On 10/6/06, Erik Trimble <[EMAIL PROTECTED]> wrote:
David Dyer-Bennet wrote:
> On 10/6/06, Nicolas Williams <[EMAIL PROTECTED]> wrote:
>
>> > >Maybe Erik would find it confusing.  I know I would find it
>> > >_annoying_.
>> >
>> > Then leave it set to 1 version
>>
>> Per-directory?  Per-filesystem?
>
> Whatever.  What's the actual issue here?
>
> I don't recall that on TOPS-20 it was possible to not version.  What
> you could do is set your logout.cmd file to purge your space down to
> one copy when you logged out.
But see, that assumes you have a logout-type functionality to use. Which
indeed is possible for command-line usage, but then only in a very
limited way.   During a typical session, I access almost 20 NFS-mounted
directories.
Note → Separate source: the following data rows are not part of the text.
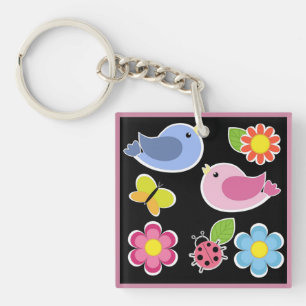 Porte-clés Motif OISEAUX ET FLEURS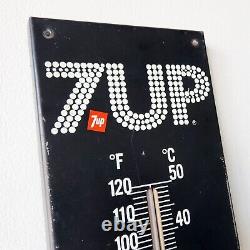 Rare 1970s Vintage 7up THERMOMETER Bubble Logo Black Metal Advertising Sign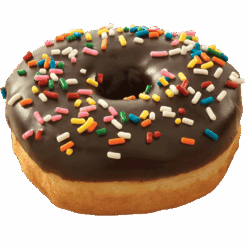 Donut Dipped In Chocolate With Sprinkles realistic fake food prop by FakeFood4U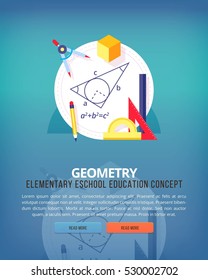 Set of flat design illustration concepts for geometry Education and knowledge ideas. Mathematic science. Concepts for web banner and promotional material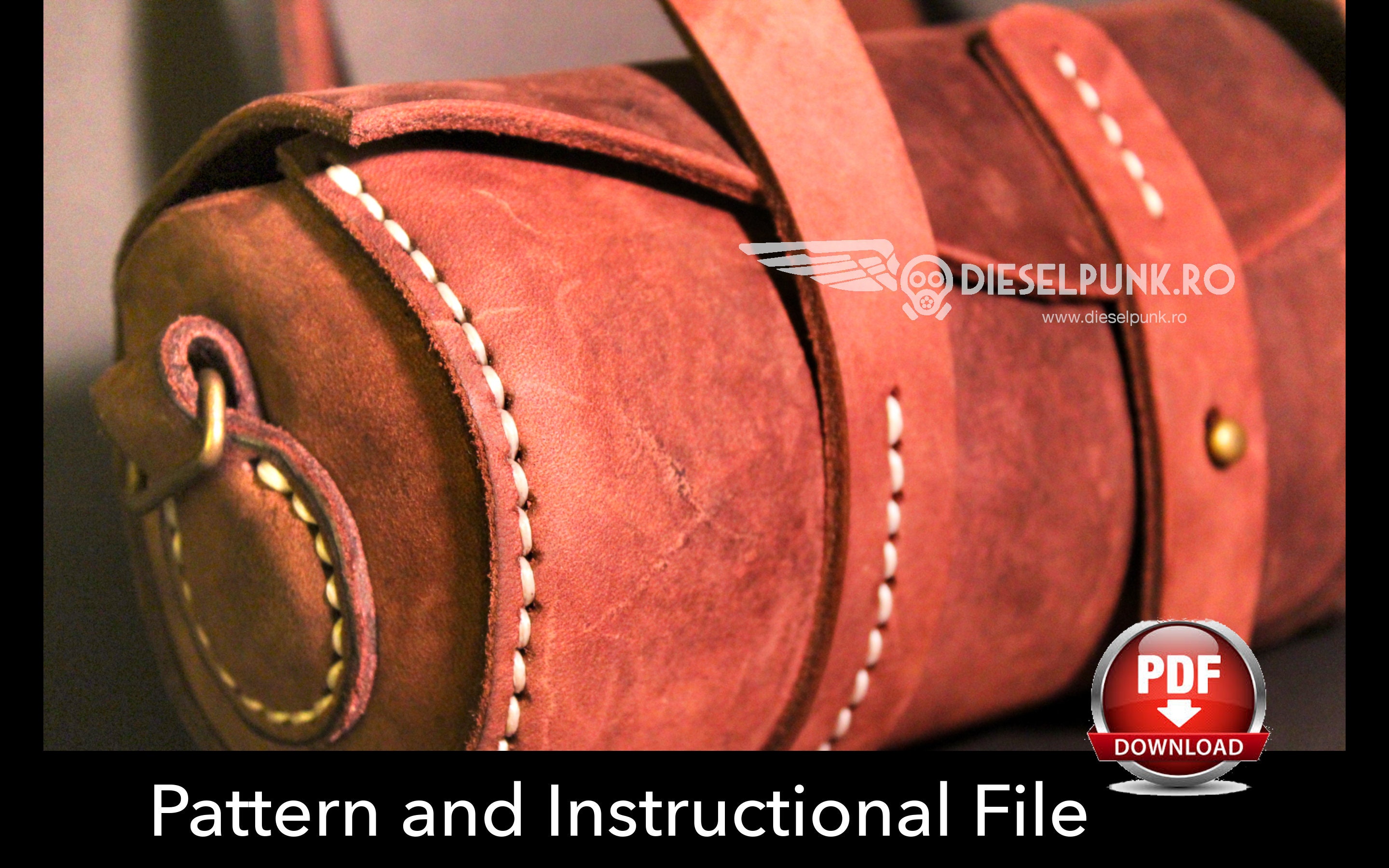 Round Leather Bag Pattern Leather DIY Pdf Download Boules Bag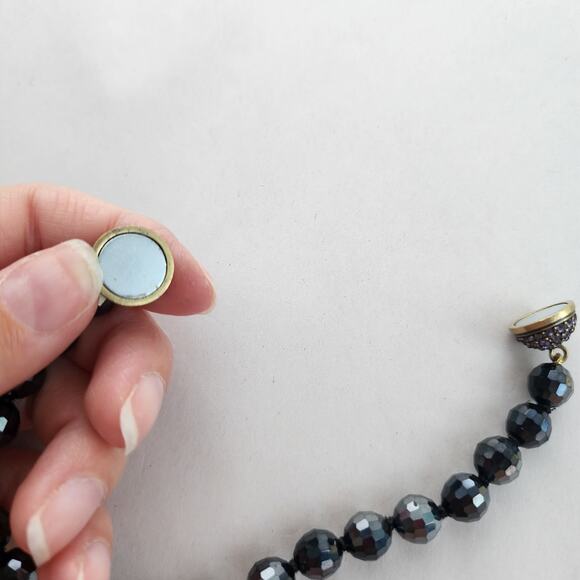 Heidi Daus Bracelet Jewelry Swarovski Crystal Graphite Glass Beaded Purple - Picture 6 of 7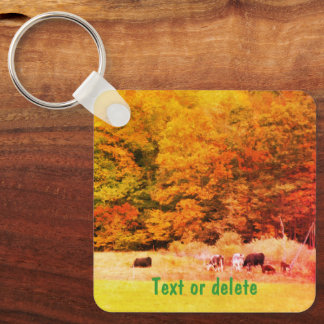 Llavero Naturaleza personalizada de campo de vacas en hoja
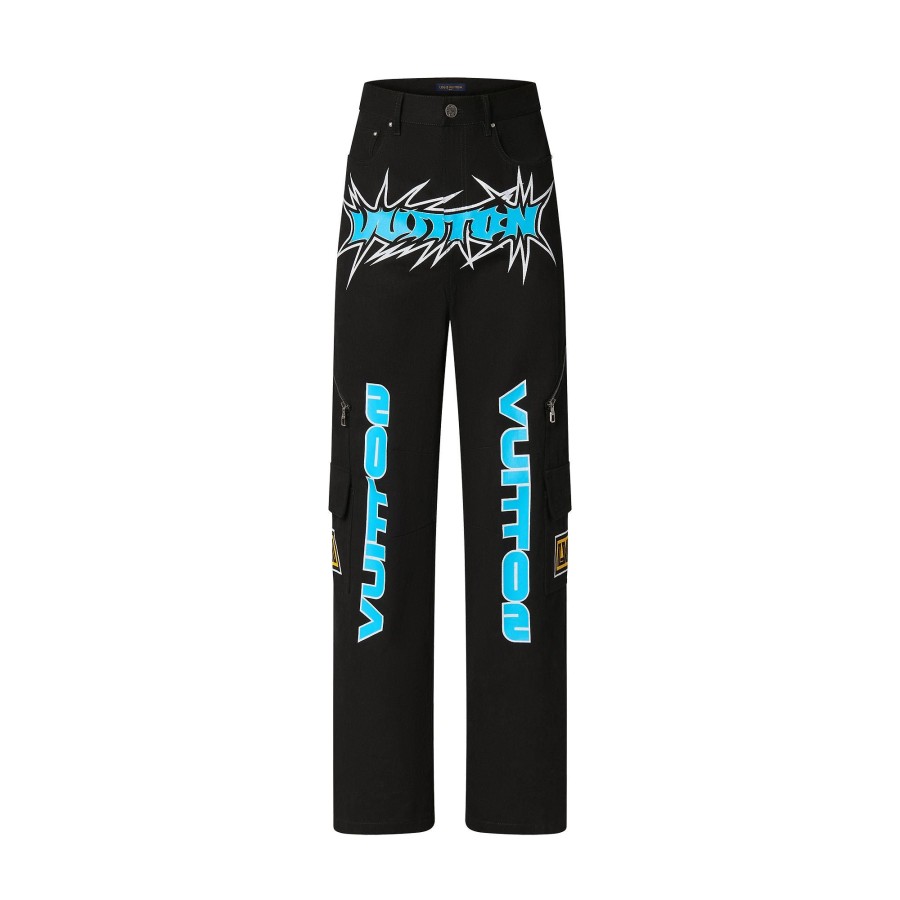 Men Louis Vuitton Pants | Printed Denim Pants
And anyone using autofs/automount trees gets even more.
You're saying that my logout script has to know about all of them to
keep things clean?  That's unrealistic.  And that still doesn't solve
the problem of people who use SAMBA or NFS from machines which don't
have an interactive shell logout system (i.e. Windows).

Seems entirely realistic to me that your logout script would know
about the things you routinely use.  People who don't log into any
system are more of a problem, though.  Various things come to mind,
like having a default number of files (so it doesn't expand without
limits), and maybe a regular cron job; but I've never worked in an
environment doing versioning for non-login users over the network, so
they're all theory, no idea how they'd work in practice.


> This worked fine for the users I knew; even on a system that didn't
> have as much as a gigabyte of disk storage total to support a few
> dozen software engineers.
>
The problem is we are comparing apples to oranges in user bases here.
TOPS-20 systems had a couple of dozen users (or, at most, a few
hundred).  VMS only slightly more.  UNIX/POSIX systems have 10s of
thousands.  Plus, the number of files being created under typical modern
systems is at least two (and probably three or four) orders of magnitude
greater.  I've got 100,000 files under /usr in Solaris, and almost 1,000
under my home directory.  And I don't have anything significant in my
/home (no source code, no build/test trees, just misc business stuff).
What is managable with a few files quickly becomes unwieldy with more
than a few dozen.

I have to ask again -- is this theory?  Or have you actually worked on
a versioning filesystem?  And specifically on TOPS-20?  (I remember,
vaguely, that people found VMS versioning MUCH less comfortable to
work with than TOPS-20, and I don't know at this distance if that was
just because it was different, or because of subtle UI differences).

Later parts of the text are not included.